Many children suffer from food poisoning parents are quick to blame the food they eat from a friend’s house or school eating environment. Dear moms, your child’s food poising may be from your kitchen. Avoiding cross-contamination is top of the list of basic kitchen hygiene rules. Harmful microorganisms move from raw food to cooked food and make your child ill. To avoid cross-contamination follow these rules.
- Use different chopping boards for cutting animal products, bread, vegetable, and fruit. use different color boards for easy identification.
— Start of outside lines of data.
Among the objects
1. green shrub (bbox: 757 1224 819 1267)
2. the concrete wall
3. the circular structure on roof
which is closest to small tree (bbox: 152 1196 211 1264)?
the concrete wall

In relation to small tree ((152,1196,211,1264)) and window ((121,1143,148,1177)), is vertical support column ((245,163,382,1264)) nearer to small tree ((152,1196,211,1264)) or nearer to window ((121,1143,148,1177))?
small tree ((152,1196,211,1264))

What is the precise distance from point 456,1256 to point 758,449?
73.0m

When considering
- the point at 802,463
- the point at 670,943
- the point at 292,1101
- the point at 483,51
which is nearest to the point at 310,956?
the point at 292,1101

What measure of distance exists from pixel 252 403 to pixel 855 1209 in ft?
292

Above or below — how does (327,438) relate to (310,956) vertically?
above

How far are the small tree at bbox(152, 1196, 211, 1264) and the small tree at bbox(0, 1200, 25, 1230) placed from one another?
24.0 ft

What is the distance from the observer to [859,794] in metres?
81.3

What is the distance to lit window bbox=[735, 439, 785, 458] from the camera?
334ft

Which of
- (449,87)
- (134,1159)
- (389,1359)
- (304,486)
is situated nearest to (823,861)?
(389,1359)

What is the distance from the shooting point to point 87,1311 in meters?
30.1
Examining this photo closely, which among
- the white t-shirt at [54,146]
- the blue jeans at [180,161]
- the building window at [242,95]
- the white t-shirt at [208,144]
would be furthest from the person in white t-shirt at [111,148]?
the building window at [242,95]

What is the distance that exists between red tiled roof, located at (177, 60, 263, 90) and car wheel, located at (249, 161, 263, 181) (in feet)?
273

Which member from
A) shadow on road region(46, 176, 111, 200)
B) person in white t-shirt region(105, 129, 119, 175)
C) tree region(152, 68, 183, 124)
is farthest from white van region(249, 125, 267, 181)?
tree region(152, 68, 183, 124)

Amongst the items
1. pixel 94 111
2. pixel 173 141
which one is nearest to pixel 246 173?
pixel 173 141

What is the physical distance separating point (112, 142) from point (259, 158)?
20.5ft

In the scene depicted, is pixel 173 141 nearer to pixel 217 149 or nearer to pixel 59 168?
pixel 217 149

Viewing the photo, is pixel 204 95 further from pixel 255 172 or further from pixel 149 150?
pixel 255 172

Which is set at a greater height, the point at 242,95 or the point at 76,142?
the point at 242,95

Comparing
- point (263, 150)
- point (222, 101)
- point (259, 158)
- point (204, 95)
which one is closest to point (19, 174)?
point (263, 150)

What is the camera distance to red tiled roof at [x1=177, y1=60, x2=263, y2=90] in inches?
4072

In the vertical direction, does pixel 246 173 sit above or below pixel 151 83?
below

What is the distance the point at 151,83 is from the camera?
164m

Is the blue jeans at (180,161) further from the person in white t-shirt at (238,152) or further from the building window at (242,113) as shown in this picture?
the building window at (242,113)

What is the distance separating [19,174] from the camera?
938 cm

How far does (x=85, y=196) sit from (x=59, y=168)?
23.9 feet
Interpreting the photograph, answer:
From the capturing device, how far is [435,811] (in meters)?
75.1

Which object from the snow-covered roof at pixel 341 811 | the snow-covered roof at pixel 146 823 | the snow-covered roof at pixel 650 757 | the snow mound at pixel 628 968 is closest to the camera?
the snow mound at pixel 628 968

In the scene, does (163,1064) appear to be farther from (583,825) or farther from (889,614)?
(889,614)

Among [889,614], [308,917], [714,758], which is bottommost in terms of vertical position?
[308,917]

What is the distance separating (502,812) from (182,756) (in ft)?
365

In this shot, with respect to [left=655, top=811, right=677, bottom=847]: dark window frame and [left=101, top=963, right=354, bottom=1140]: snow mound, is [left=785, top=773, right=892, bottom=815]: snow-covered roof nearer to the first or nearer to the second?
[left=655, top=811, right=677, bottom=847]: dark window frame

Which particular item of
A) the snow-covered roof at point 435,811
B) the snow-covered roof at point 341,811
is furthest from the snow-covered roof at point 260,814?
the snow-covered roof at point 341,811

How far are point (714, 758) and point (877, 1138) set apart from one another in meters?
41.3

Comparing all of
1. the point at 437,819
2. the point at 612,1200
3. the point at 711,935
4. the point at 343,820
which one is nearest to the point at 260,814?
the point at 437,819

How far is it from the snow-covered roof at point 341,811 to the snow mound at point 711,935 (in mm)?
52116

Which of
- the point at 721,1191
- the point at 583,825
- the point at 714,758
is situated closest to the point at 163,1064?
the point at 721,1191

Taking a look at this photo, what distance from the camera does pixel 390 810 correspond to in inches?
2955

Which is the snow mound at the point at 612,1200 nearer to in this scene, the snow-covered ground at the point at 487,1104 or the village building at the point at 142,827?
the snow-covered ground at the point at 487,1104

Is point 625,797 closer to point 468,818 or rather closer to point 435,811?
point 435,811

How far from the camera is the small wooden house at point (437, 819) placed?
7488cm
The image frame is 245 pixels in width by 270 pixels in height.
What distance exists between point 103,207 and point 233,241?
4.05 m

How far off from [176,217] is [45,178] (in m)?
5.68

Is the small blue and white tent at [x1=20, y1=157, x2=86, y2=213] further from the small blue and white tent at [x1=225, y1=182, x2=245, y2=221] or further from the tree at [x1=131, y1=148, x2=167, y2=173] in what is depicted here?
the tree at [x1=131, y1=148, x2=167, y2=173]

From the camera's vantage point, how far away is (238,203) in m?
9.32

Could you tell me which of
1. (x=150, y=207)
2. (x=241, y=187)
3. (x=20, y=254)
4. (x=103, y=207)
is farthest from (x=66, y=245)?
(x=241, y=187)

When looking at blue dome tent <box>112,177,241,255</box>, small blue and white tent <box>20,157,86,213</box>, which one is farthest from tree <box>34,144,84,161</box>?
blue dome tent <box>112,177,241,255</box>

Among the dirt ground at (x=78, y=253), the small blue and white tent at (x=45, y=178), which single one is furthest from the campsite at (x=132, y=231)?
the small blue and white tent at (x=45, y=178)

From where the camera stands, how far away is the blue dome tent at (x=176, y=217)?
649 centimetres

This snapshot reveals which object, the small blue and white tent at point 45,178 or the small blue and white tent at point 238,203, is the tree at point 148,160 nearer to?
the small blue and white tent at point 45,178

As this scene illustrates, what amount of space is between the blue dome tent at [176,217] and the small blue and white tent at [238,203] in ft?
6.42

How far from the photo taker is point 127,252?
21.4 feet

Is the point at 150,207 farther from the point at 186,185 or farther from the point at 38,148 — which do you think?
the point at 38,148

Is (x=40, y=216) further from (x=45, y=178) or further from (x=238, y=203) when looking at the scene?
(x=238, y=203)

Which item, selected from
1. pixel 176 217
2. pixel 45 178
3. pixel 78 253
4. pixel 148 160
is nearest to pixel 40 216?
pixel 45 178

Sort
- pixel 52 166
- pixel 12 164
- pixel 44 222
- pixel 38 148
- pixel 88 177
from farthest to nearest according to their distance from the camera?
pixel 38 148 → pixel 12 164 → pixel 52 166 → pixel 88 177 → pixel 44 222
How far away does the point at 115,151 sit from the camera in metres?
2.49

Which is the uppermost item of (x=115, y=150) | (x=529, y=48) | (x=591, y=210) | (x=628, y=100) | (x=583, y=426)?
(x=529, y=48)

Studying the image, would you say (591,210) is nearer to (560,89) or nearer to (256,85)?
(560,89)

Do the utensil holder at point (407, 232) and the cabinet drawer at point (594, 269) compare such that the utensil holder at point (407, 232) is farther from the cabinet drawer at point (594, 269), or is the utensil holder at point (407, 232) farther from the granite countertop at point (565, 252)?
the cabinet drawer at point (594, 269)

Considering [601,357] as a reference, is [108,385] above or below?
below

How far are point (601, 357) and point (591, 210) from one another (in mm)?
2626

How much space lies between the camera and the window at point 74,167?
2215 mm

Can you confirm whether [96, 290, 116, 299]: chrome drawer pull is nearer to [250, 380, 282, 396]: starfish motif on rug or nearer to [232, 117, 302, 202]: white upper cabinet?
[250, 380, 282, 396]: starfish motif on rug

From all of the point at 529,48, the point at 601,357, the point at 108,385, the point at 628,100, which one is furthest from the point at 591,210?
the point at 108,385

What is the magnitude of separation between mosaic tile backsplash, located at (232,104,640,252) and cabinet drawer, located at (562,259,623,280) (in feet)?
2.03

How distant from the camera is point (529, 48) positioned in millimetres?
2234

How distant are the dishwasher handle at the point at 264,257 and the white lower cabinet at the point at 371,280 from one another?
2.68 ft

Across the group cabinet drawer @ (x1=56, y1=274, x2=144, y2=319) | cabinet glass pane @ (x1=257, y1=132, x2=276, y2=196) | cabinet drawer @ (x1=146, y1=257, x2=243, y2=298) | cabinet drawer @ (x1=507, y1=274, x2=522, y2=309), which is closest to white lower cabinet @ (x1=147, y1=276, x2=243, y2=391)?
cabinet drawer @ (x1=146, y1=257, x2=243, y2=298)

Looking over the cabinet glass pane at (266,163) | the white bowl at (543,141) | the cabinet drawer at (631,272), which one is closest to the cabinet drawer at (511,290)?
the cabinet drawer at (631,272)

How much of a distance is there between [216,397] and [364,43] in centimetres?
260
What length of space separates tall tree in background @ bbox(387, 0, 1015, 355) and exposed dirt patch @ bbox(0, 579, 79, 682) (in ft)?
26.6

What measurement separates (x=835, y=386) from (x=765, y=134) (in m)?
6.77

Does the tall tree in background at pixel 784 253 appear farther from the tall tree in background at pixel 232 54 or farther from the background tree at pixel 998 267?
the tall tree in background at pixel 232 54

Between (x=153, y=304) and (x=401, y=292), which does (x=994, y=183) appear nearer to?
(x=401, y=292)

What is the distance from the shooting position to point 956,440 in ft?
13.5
- Do not use the same utensils for raw and cooked food.
- Do not place edible food next to raw animal products.
- Freeze raw animal products separately from cooked food.
- The tiny bit of food left on a chopping board will breed bacteria. Clean chopping board
immediately after use, and disinfect once in a while. You can pour hot water on it to disinfect it.
- Pay attention to kitchen floors especially when there is food spillage.
- Clean kitchen Towels, Sponges, and Replace them Regularly. Towels that get wet when used on a damp surface can harbor microorganisms, wash properly, spread, and replace. Every night pour hot water on the sponge for 5-7 minutes and change the sponge monthly.
- Wipe stove or gas top properly and regularly because greasy areas help bacteria hide and it cannot be eliminated without removing the grease.
Keeping our family healthy and safe starts with kitchen hygiene. I hope you found this post useful.